Domestic team information
- 1923–1930: Scotland

Career statistics
| Competition | First-class |
| Matches | 8 |
| Runs scored | 203 |
| Batting average | 14.50 |
| 100s/50s | –/1 |
| Top score | 68 |
| Balls bowled | 90 |
| Wickets | 3 |
| Bowling average | 13.33 |
| 5 wickets in innings | – |
| 10 wickets in match | – |
| Best bowling | 3/35 |
| Catches/stumpings | 2/– |
- Source: Cricinfo, 24 June 2022

= Dan Mackay =

Scottish cricketer and soldier

Daniel Alexander Mackay (12 March 1894 — 13 May 1951) was a Scottish first-class cricketer and British Army officer.

Mackay was born at Glasgow, the eldest son of James King Mackay, in March 1894 and was educated in the city at Albert Road Academy. Mackay served in the First World War, being commissioned in June 1915 as a second lieutenant in the 16th Battalion (2nd Glasgow) Highland Light Infantry. The 16th Battalion departed for the Western Front in November 1915, arriving at Boulogne-sur-Mer as part of the 97th Brigade in the 32nd Division, with the battalion later taking part in the Battle of the Ancre, the last offensive of the Battle of the Somme. In the later stages of the war, Mackay had transferred to the Royal Engineers, where he was a lieutenant.

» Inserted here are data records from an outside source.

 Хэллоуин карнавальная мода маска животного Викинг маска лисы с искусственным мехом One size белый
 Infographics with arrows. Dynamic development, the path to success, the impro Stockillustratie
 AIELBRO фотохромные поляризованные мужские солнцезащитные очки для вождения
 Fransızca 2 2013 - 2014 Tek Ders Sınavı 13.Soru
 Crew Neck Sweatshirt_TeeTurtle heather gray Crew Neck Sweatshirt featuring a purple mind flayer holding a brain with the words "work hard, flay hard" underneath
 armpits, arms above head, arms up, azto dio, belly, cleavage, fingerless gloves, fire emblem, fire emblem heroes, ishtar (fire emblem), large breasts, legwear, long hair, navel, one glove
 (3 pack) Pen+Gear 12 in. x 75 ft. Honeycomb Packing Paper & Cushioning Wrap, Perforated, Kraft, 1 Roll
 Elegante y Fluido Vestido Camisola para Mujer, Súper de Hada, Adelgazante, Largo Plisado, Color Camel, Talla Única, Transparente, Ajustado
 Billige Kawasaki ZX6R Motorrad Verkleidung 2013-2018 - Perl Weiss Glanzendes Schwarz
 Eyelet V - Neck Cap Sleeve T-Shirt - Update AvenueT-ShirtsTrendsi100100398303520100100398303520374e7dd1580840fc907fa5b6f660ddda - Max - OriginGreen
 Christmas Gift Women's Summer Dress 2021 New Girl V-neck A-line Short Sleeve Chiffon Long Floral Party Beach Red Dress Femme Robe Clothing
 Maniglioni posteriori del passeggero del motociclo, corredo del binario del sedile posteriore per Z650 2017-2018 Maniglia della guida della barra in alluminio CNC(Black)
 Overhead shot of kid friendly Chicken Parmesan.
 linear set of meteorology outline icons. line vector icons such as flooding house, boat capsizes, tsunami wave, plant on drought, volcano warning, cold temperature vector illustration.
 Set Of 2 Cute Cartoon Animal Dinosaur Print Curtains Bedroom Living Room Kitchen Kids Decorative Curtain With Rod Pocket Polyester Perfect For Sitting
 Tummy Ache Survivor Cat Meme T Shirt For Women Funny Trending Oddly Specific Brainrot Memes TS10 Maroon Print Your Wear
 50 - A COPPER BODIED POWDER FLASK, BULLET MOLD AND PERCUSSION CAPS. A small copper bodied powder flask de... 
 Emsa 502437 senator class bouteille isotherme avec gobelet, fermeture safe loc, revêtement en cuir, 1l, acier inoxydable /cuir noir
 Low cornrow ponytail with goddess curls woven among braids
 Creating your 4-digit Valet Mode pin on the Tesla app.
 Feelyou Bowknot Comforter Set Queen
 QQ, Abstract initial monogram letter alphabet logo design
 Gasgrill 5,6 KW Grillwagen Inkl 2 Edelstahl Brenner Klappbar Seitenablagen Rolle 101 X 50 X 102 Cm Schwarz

Following the end of the war, Mackay returned to Scotland where he played club cricket for Clydesdale Cricket Club. He made his debut for Scotland in first-class cricket against Ireland at Dublin in 1923, with Mackay making a further seven first-class appearances for Scotland to 1930. He scored 203 runs in these matches at an average of 14.50; he made one score of over fifty, 68 which came against Ireland on debut. With his right-arm medium pace bowling, he took 3 wickets, all of which came in a single innings against Wales in 1923. Mackay died at Glasgow in May 1951.